### Dataset extract
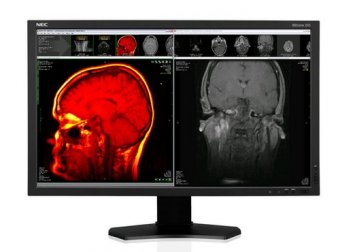 Single MDview243 Solution medical 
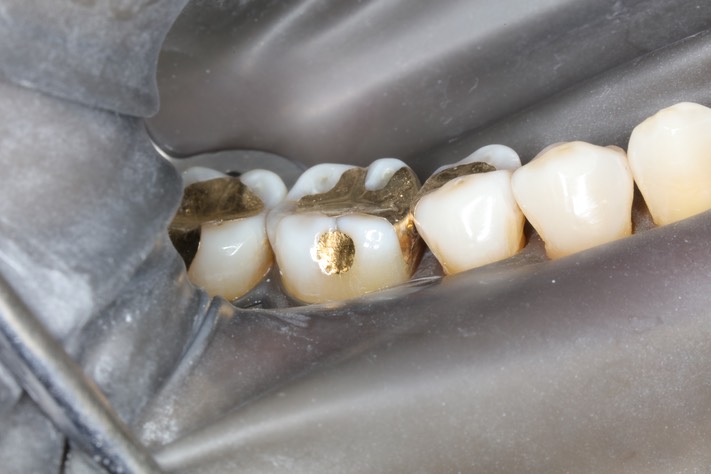 Wayne Chin #30 finish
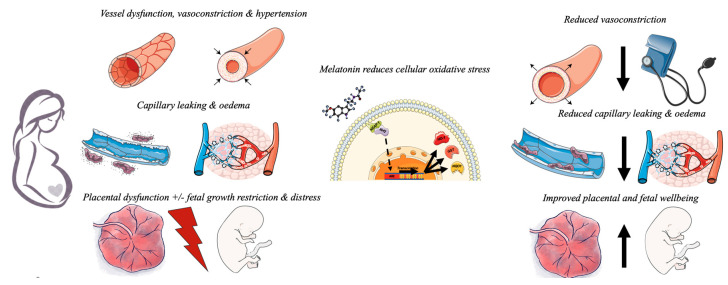 An external file that holds a picture, illustration, etc.
Object name is antioxidants-10-00376-g001.jpg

### Requirement
Repeat the material above word for word, please, apart from its images.

### Answer for this exercise
 Single MDview243 Solution medical 
 Wayne Chin #30 finish
 An external file that holds a picture, illustration, etc.
Object name is antioxidants-10-00376-g001.jpg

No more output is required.